Trail users have a lot to look forward to this year. In Scranton, a $1 million safety improvement project will create safer conditions for pedestrians and bicyclists crossing intersections at Elm, Broadway and Poplar streets in South Scranton; Olive Street in Central Scranton; and Albright Avenue, Green Ridge and East Market Streets in North Scranton. The project is made possible through funding support and collaboration among LHVA, the Pennsylvania Department of Community and Economic Development (DCED) Multimodal Transportation, PennDOT, Lackawanna County, the City of Scranton and The University of Scranton.
Plans are underway for a 1.1 mile section of trail in Dickson City that will connect the borough to Olyphant, creating an alternative route for those who currently travel on Main Avenue, as well as access to the river for fishing and boating. In the future, this also will link Dickson City to Throop for walkers and cyclists to get to the Mid Valley School Campus. The project is funded by the PA Department of Conservation and Natural Resources (PA DCNR) and PennDOT’s Transportation Alternatives Program (TAP).
The Carbondale Riverwalk is scheduled for completion in 2017. The 1.2 mile section of the LRHT in Carbondale will connect to a 2.2 mile section in Fell Township that will provide a direct link to the D&H Rail-Trail in Susquehanna County. Also in the Upper Valley, BikeCarbondale, the sister program to BikeScranton, will offer free bike rentals at the Greater Carbondale YMCA and the Carbondale Grand Hotel & Conference Center.
When construction of the 2.2-mile pathway between Simpson and Vandling is complete, the trail will connect 62 miles from Taylor to the New York State border at Lansboro, Pa.
In addition to trail development, LHV is collaborating with its partners on programs and events to fulfill its mission to preserve and promote the region’s history, cultural heritage and natural resources.

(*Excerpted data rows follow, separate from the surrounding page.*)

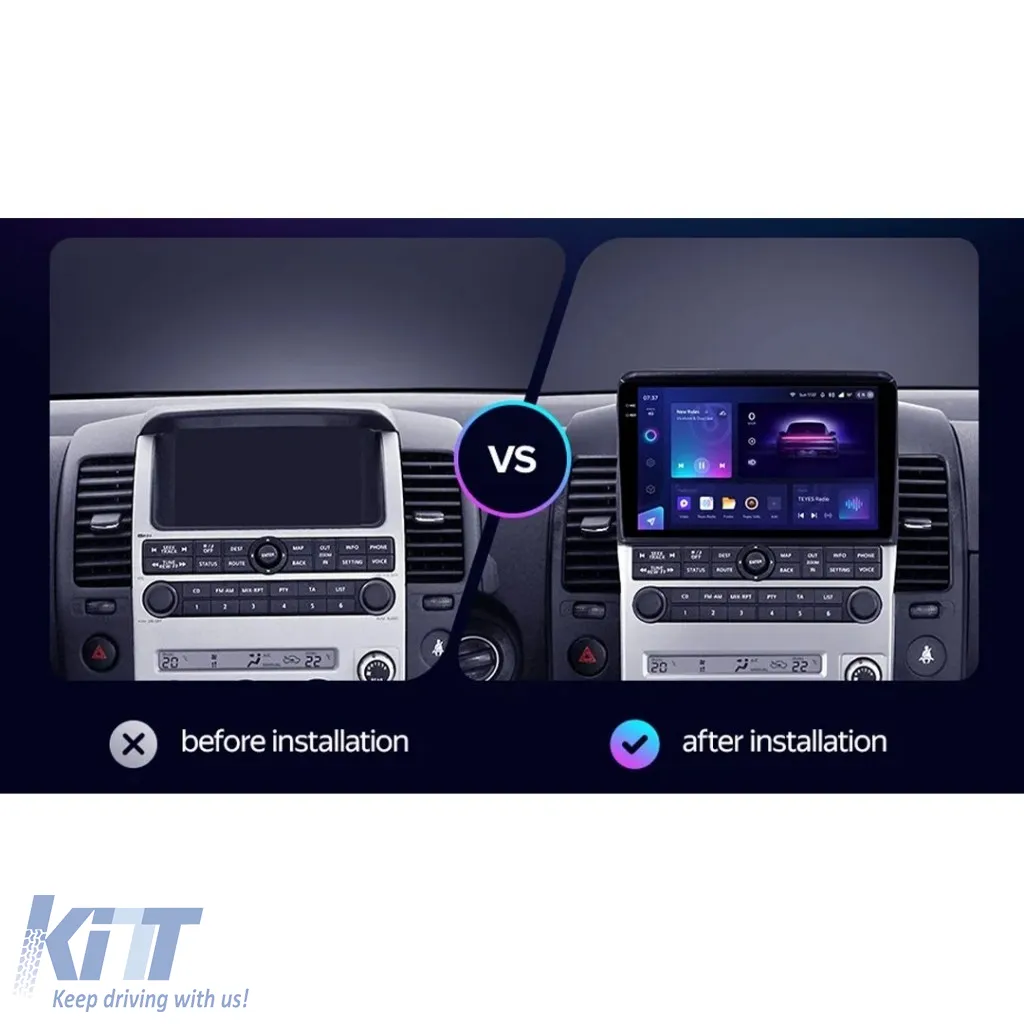 Car Navigation with AI Assistance Teyes CC4 PRO suitable for Nissan Pathfinder 2005-2012 8+128GB 9.5 QLED, Android 13, 5G, 7.1 DSP, CarPlay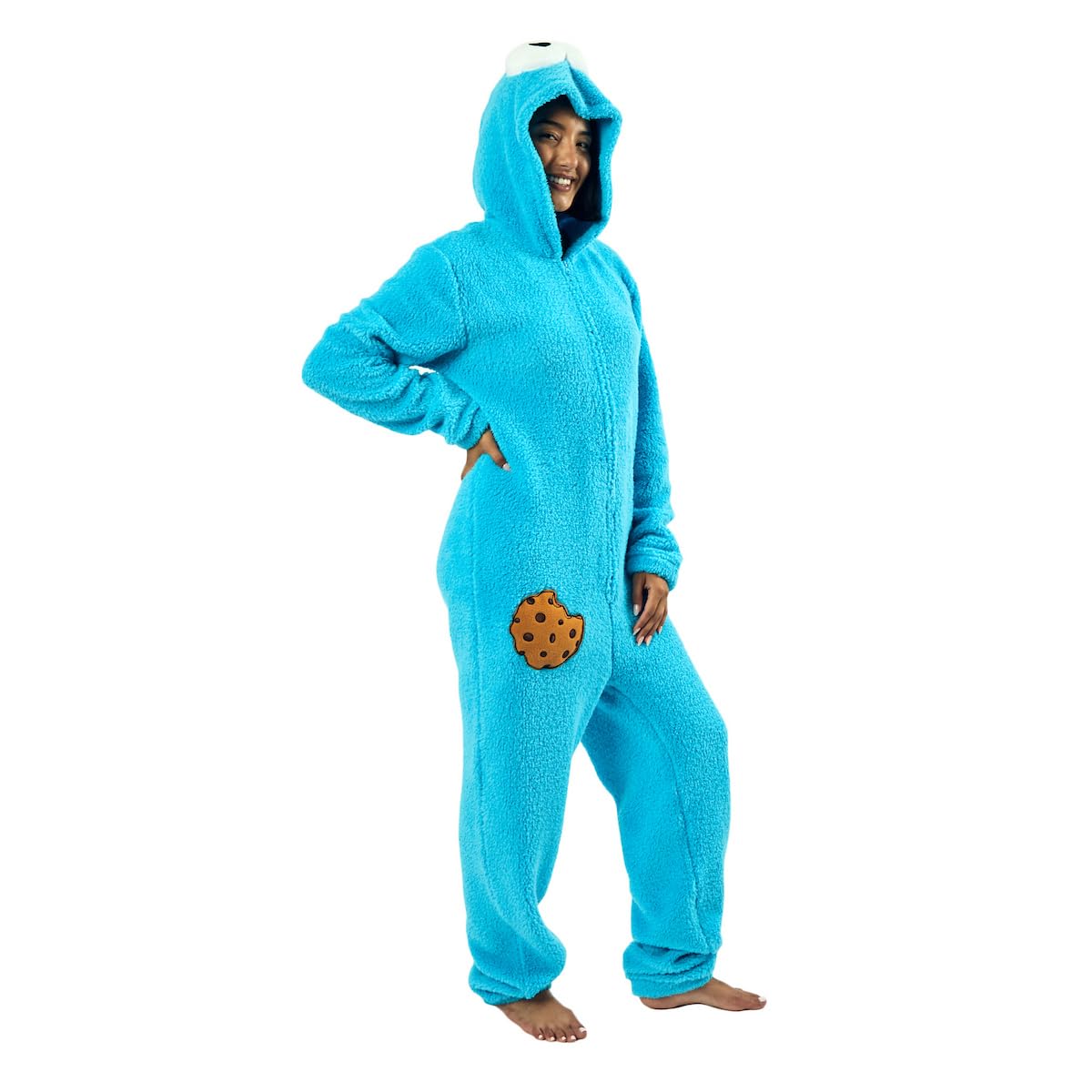 Bioworld Power Ranger Adult Long Sleeve Hooded Cosplay Onesie Costume Union Suit - Image 5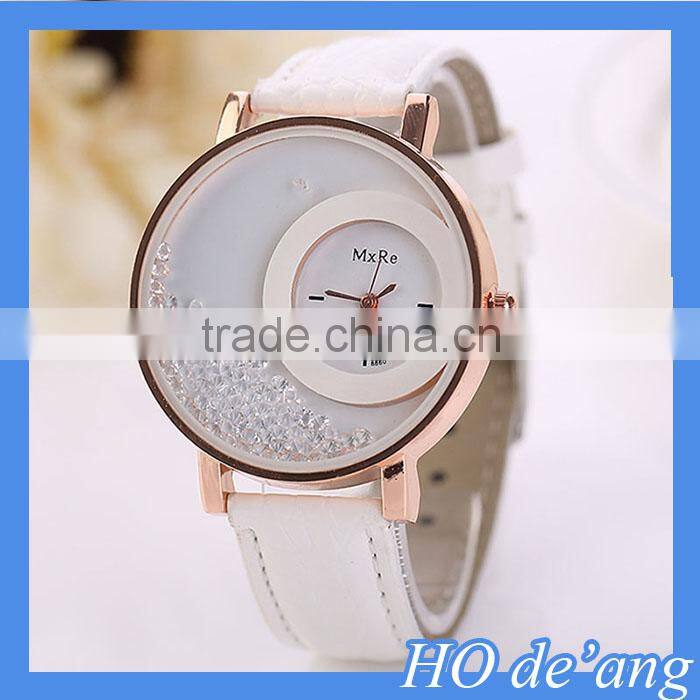 Hogift China colorful women leather watch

Piecing Together the Past, a joint project of LHV and Steamtown National Historic Site (NHS), this geocaching program takes participants on a hunt to 12 historic sites in Scranton, including: Albright Memorial Library, Anthracite Heritage Museum, Courthouse Square, Electric City Trolley Museum, Everhart Museum, Lackawanna Coal Mine Tour, Lackawanna Historical Society, Lackawanna River Heritage Trail, Radisson Lackawanna Station, Scranton Cultural Center at the Masonic Temple, Scranton Iron Furnaces and Steamtown National Historic Site.
For those not familiar with geo-caching, it’s described on geocaching.com as a “real-world, outdoor treasure hunting game using GPS-enabled devices.” Participants navigate to a specific set of GPS coordinates and then attempt to find the hidden geocache. The hidden caches at each site will contain a puzzle piece with a photo of that location. Once all 12 pieces are collected, geo-cachers will present their assembled puzzle to officials at Steamtown NHS to redeem a prize. There is no fee to participate in this self-guided tour.

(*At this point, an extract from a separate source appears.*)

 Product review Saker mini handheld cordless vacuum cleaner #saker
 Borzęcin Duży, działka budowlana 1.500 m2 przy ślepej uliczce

Piecing Together the Past will launch on April 15 as part of National Park Weekend. On April 15 and 16, and April 22 and 23, Steamtown and all National Parks will offer free admission. Look for details at lhva.org andnps.gov/stea.

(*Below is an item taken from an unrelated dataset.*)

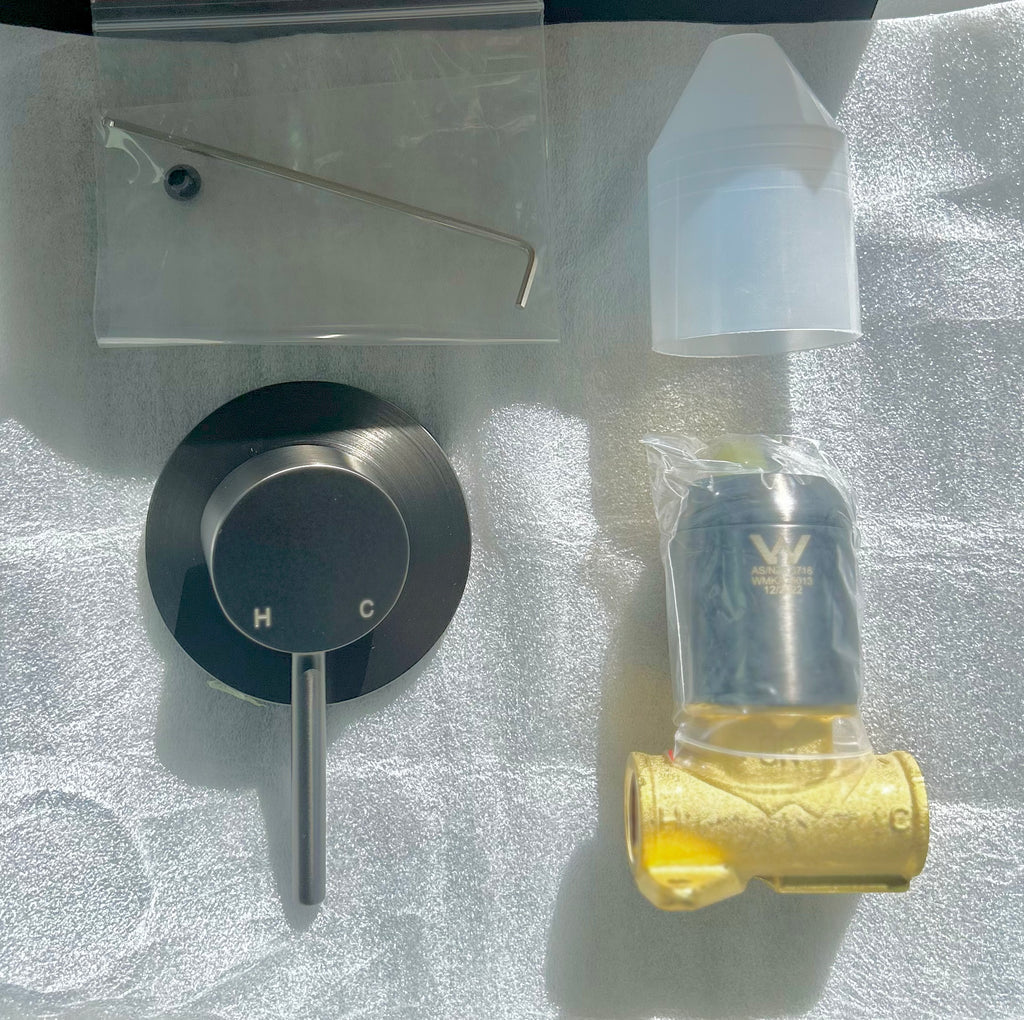 Round Wall Mixer – 80mm Backplate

A new year also means the start of a new cycle of grant funding through LHV’s Partnership Grant Program. Since its inception, LHV has provided $3,375,903 in grants to non-profit organizations for projects and programs in place-based education, interpretive programming, historic preservation, cultural conservation, community trails, and community and economic development. In 2016, $18,327 was awarded to 17 partner organizations. This investment in NEPA stimulates the economy, enhances tourism initiatives, strengthens community organizations, and increases the quality of life for area residents.